A Casa Suspensa
Maria Ondina
Braga
Colecção
Fantástico nº 1
Relógio d’Água
Editores, Lisboa, Dezembro de 1982
Isa: Esta minha má consciência, esta sensação, como
diria a minha avó, de andar de fora da graça de deus, traz-me à ideia, mal
comparado, o caso daquela mulher que encontrei há meia dúzia de anos numa
estação de caminho de ferro da linha do norte. Obrigaram-nos a desembarcar ali
por causa de um descarrilamento na paragem a seguir. Outubro. Na
sala-de-espera, eu, ela, e um homem de queixo no peito a ressonar. Que é dos
outros companheiros? Se calhar juntaram-se e fretaram um táxi até Famalicão, ou
foram a pé. Vivia perto, mas lá pelos caminhos de Cristo àquela hora não se
atrevia, a um lugar desviado. Vou-me informar da demora. Ao regressar, já alguém
acendra a luz sumida do tecto. Baixinha, chupada, grisalha, um olho globoso e
desfocado, a minha parceira de viagem: «Aí vem o de Leixões!» O olho vesgo na
minha direcção ou na do cais? Sempre atrasado, o de Leixões não parava. Às oito
e três quartos, o mercadorias de Matosinhos. O de Espinho, às nove e quinze.
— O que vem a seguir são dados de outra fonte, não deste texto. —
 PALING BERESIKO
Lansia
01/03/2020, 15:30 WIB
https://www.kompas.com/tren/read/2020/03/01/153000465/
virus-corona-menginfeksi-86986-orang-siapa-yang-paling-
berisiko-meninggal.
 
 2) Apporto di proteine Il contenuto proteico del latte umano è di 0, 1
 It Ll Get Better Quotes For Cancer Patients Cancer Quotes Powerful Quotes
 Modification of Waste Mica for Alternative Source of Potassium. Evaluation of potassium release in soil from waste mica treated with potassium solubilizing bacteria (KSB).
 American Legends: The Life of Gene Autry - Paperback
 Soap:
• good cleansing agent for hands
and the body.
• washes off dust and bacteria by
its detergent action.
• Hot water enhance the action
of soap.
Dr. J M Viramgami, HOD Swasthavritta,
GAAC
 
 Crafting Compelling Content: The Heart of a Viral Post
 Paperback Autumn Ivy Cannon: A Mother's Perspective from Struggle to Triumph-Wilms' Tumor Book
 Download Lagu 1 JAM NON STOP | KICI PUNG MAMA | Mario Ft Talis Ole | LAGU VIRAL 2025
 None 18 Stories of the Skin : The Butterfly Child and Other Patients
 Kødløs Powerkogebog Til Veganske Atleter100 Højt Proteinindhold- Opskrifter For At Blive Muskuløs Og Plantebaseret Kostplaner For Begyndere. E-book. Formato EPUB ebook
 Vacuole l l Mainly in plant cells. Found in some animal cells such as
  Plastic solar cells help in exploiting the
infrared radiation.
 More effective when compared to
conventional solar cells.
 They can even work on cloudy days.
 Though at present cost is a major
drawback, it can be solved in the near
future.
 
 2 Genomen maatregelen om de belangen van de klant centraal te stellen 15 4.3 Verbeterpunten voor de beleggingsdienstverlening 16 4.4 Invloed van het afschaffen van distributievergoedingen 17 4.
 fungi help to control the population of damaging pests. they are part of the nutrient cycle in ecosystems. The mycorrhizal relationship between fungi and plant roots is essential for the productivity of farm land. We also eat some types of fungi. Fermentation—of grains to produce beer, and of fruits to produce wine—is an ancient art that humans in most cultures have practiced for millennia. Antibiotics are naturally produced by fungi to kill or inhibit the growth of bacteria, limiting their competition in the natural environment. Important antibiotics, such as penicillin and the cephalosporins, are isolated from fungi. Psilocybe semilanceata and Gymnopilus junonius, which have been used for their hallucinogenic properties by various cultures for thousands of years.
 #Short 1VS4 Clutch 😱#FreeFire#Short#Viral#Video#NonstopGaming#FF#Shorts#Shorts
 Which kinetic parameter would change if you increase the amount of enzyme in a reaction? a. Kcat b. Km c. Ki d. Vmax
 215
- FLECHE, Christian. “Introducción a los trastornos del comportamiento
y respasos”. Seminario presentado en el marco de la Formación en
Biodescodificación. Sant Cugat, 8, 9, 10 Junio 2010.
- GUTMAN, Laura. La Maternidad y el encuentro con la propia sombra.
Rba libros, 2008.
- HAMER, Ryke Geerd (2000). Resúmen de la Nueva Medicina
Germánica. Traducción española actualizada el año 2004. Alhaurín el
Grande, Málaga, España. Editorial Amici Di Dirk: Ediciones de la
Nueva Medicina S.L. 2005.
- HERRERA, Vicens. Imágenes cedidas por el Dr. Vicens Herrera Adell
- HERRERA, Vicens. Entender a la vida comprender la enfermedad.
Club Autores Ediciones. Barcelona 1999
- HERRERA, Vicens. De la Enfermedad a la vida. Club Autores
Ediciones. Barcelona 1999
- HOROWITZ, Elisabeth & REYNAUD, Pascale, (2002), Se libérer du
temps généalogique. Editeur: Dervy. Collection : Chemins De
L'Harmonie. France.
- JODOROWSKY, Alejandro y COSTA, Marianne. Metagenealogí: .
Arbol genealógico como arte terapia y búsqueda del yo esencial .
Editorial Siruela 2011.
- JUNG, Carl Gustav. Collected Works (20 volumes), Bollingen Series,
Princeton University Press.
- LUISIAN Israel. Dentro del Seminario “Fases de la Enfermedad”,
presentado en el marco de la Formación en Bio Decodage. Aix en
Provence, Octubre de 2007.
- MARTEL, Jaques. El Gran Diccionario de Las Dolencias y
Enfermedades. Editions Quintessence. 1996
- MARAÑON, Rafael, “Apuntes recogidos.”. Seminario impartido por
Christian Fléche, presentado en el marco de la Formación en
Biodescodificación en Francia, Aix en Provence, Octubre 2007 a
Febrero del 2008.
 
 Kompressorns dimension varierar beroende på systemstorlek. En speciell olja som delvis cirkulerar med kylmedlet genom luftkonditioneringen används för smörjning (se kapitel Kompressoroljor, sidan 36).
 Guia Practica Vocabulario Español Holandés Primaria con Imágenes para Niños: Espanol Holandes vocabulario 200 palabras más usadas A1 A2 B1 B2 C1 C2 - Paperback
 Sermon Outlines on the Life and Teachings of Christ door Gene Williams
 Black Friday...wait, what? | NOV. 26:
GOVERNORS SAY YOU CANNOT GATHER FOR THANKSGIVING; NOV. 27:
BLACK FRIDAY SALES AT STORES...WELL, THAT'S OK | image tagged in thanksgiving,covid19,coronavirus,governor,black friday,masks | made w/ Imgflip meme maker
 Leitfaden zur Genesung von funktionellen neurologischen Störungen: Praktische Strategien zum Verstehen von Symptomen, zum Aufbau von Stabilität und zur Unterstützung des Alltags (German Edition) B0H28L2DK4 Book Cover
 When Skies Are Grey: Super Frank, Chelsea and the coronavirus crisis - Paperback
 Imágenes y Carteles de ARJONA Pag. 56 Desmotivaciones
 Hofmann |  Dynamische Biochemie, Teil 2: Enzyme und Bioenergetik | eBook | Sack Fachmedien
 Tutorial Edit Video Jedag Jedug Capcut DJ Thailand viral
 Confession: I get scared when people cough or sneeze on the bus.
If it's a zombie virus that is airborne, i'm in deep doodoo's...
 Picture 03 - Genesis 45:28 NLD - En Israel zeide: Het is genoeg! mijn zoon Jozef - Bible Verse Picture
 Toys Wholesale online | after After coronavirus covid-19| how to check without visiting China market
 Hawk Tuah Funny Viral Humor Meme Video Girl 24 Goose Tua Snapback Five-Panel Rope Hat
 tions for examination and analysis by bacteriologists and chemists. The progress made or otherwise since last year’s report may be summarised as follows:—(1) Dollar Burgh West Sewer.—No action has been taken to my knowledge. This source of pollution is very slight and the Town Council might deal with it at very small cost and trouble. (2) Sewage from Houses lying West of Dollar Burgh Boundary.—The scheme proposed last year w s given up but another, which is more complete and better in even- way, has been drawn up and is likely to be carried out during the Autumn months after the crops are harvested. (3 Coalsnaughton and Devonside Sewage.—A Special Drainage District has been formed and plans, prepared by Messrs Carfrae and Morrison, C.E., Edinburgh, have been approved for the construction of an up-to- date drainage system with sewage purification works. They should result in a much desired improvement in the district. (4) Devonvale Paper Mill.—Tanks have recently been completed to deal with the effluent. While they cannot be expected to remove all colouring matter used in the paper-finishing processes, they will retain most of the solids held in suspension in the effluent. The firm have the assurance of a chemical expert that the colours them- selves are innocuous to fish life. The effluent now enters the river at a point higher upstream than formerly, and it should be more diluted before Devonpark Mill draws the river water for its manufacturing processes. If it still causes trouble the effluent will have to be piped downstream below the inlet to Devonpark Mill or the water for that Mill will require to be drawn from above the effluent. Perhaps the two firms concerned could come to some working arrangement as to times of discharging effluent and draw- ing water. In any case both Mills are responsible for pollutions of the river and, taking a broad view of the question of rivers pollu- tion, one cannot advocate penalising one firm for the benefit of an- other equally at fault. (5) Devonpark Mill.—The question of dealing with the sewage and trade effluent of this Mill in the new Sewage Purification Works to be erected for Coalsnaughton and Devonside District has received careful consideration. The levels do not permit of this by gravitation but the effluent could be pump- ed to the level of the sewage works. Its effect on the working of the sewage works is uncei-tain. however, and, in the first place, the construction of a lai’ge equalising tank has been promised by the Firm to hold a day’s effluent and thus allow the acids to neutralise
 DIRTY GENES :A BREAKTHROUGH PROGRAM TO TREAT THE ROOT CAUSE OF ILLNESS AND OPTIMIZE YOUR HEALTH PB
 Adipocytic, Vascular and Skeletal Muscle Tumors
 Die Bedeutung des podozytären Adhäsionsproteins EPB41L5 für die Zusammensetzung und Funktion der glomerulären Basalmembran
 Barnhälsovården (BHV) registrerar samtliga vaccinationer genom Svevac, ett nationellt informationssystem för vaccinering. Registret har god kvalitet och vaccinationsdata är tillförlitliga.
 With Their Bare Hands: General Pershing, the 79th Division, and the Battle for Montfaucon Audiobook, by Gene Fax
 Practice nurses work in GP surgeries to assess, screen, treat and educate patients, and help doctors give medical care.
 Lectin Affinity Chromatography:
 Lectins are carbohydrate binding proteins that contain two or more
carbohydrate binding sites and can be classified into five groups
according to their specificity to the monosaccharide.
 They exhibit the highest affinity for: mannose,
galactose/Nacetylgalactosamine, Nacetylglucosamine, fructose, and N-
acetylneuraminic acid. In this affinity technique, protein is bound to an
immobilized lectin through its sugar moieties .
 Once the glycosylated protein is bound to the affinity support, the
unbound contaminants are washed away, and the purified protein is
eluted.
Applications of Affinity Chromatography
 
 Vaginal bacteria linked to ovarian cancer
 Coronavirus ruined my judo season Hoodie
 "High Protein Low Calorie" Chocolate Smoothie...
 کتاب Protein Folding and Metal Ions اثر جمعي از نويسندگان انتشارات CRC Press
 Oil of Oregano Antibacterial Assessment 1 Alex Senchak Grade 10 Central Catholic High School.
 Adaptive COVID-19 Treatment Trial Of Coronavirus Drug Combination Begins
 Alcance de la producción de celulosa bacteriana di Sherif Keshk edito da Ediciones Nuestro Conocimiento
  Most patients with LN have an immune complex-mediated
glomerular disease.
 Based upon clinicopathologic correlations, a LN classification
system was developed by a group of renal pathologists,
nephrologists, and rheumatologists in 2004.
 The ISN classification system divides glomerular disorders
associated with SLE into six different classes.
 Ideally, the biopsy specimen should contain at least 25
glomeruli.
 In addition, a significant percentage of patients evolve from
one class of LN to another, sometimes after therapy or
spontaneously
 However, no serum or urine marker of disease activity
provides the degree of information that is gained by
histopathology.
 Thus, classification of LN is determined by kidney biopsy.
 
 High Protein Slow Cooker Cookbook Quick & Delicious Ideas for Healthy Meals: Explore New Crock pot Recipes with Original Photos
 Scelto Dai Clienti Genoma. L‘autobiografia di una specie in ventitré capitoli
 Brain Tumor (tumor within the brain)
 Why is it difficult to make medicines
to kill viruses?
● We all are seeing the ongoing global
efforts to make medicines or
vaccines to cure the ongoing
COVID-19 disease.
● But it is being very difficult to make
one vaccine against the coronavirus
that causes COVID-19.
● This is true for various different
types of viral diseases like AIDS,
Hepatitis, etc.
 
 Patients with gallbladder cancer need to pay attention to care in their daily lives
Ainda cá estaremos? O Chefe da estação torcera o nariz: desastre de vulto por
sorte sem vítimas. Erro de agulhas? O agulheiro decerto borracho. O ano
passado, também pela altura das vindimas, morrera atropelado em Gavião um
fogueiro bêbado como um cacho. Filha e viúva de ferroviário, a par de tudo
respeitante a comboios, automotoras, tabelas de chegadas e partidas, vias,
ramais. Inclinou a orelha: «O apito do de Viana: chuva na cama…» Meu Deus, quem
seria o agulheiro? Ia para a rua, não havia santo que lhe valesse.